En attique de l’allée Charles Burklin 4 se trouve une salle communautaire dotée d’une cuisine. Avec ses larges baies vitrées et sa terrasse attenante, cet espace – destiné aux fêtes et évènements des sociétaires-locataires – profitera d’une belle lumière naturelle et d’une vue dégagée sur la ville et les Alpes.
Des appartements traversants
Ces habitations neuves offrent des surfaces, ainsi qu’un niveau de confort et de qualité, supérieurs à celui des standards usuels en zone de développement: des surcoûts que le maître d’ouvrage a accepté d’endosser. Pour favoriser la mixité sociale, les appartements se déclinent selon une grande variété typologique, du 2 pièces au 6 pièces. Tous les logements jouissent d’une loggia côté Sud, ce qui leur permet de profiter d’un bon ensoleillement. A partir des 4 pièces, les appartements sont traversants (ou bi-orientés): ils disposent d’un vaste espace jour comprenant un coin cuisine avec une petite loggia sur la façade nord, d’un espace salle à manger au centre du plan (pouvant aussi servir de bureau) et d’un séjour donnant sur une grande loggia au sud. Cette organisation de l’espace confère aux espaces des vues paysagères différenciées.

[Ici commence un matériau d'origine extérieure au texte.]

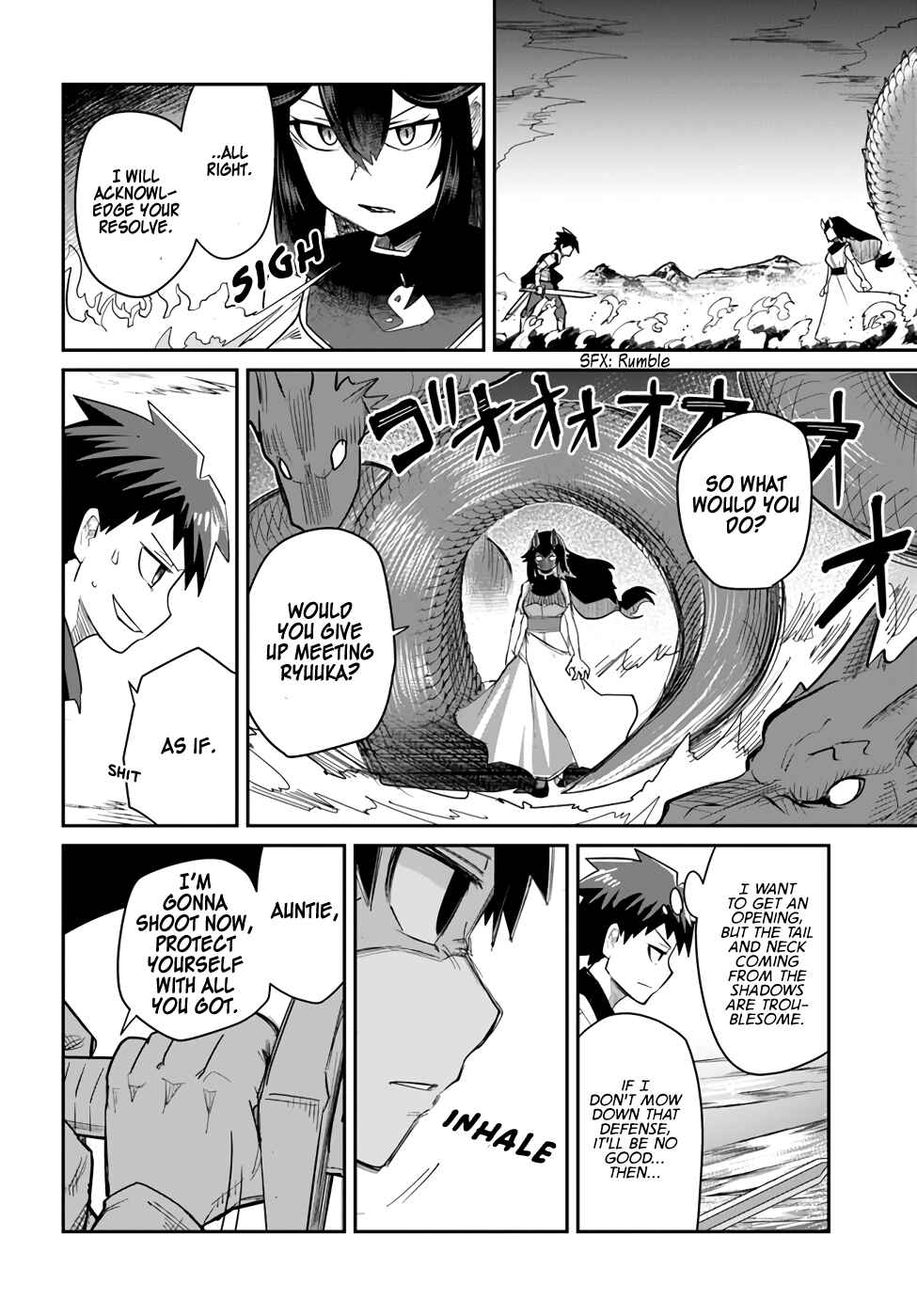 Page 12 Chapter 17 Dungeon no Osananajimi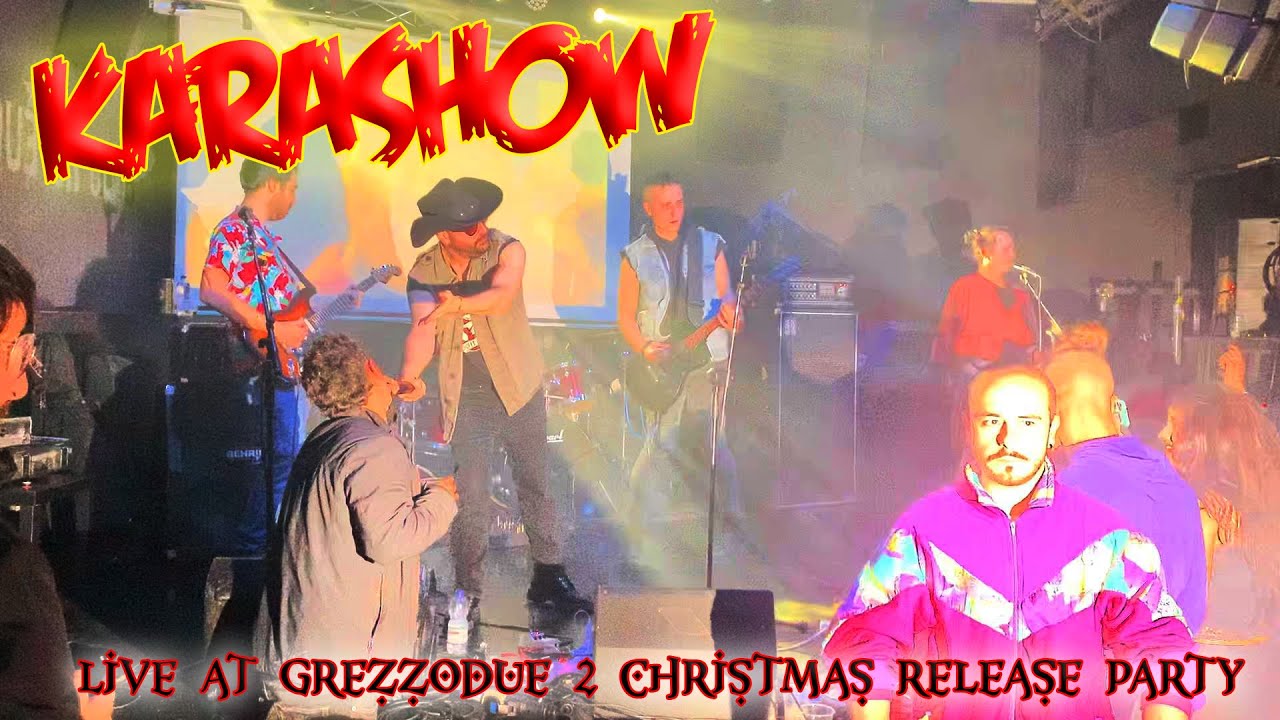 KARASHOW - LIVE AT GREZZODUE 2 CHRISTMAS RELEASE PARTY!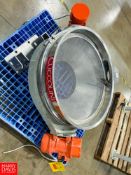 Cuccolini S/S Vibratory Sifter, Model: VP2800 1X, with (2) Motors and Stand - Riggers Fee: $350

Par ailleurs, l’allée rue Charles Burklin 2 propose à chaque étage un appartement dit LMI (Logement à mixité intégrée). Ce modèle d’habitat – développé par le bureau ris+partenaires architectes depuis une vingtaine d’années sur d’autres projets – permet de «décomposer» un logement de 5 pièces en un 4 pièces + 1 pièce multifonctionnelle; chaque unité dispose d’un accès indépendant depuis le palier. Cette pièce réservée peut servir à exercer une activité professionnelle indépendante à côté de son domicile ou à accueillir un membre de la famille, adolescent ou aîné, ou encore à loger une jeune fille au pair. A noter que l’immeuble présente plusieurs catégories de logement, soit des Habitations mixtes (HM) ainsi que des logements à loyers contrôlés par l’Etat (ZD LOC). «En outre, le site ayant été occupé préalablement, les surfaces d’appartements existantes ont dû être compensées selon le principe de la Loi sur les démolitions, transformation et rénovation de maisons d’habitation (LDTR)», note Raoul Frauenfelder.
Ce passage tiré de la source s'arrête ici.